Он закивал, хозяйка пожала плечами и продолжила хлопотать с едой. Варна заметила, что кошки забились в угол. Животные не любили мертвецов, поиск лошади для Дария был настоящим испытанием.
– Так, это, куда путь-то держите? – не унимался дед.
– Тебе поговорить не с кем? – прикрикнула на него Марта. – Иди вон, позови Славку, есть пора.
Старик послушно сполз с табурета и заковылял к выходу.
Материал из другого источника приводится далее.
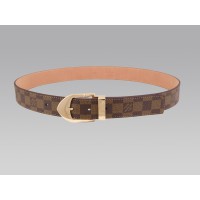 Ceinture Louis Vuitton Damier avec boucle dorée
Свят неодобрительно уставился на женщину.
– Сурово ты с ним.
– Сурово? – Она рассмеялась. – Это на вид он безобидный, а в сарае знаешь что? Настойку делает!
– И давно? – Свят не сдержался и хмыкнул.
– Да я трезвым его никогда в жизни не видела! – Марта поставила перед ними исходящие паром тарелки. – Сколько себя помню, а мне, прости Господи, уже тридцать три, дед Никон вечно синий, как… гхм. – Марта смущенно отвела глаза. – В общем, постоянно пьяный, лыка не вяжет. Наверное, и батю моего зачал по пьяни.
– И где батюшка-то? – Варна нехотя взялась за ложку.
– Помер. – Марта посерьезнела. – Тоже пил беспробудно, семейный грех. Только вот деда никак эта отрава не возьмет, а батю быстро скосила. Ему и тридцати не было, когда скончался во сне.
– А живете на отшибе почему?
Варна посмотрела на Свята и не смогла сдержать улыбку. Когда он был мальчишкой лет десяти, то на обедах сидел особняком, вечно ковырялся в супе, вылавливая кольца противного вареного лука. Сейчас тоже пытался, но воспитание не позволяло развесить всю эту красоту по краям тарелки, поэтому он брезгливо отталкивал лук от ложки, прежде чем зачерпнуть бульон.
– Опять суп, – заныл мальчик, переступив порог дома.
– Цыц! – Марта пригрозила ему ложкой. – Дам по лбу, и голодный спать пойдешь!
То, как хозяйка ушла от ответа на вопрос, не ускользнуло от Варны. Она незаметно огляделась, увидела красный угол, немного успокоилась и продолжила есть.
– Так, это, – Никон уселся и потянул Свята за рукав, – куда едете? Дальше-то, ну, ничего нет.
– Туда-то нам и нужно, – кивнул Свят. – Сколько лет тебе, дед?
– Ну, – старик закатил глаза, считая, – девяносто точно есть, десять лет туда, десять сюда.
– Да за сотню уже перевалило. – Марта наконец села и устало обвела взглядом собравшихся. – Старшему брату моего бати не было сорока, когда он родился. Нагулял он его, не удивляйтесь. Но бабка приняла как родного. Говорила всегда, выхода два было – принять подкидыша или в лес унести. Да кто ж так с детьми поступает?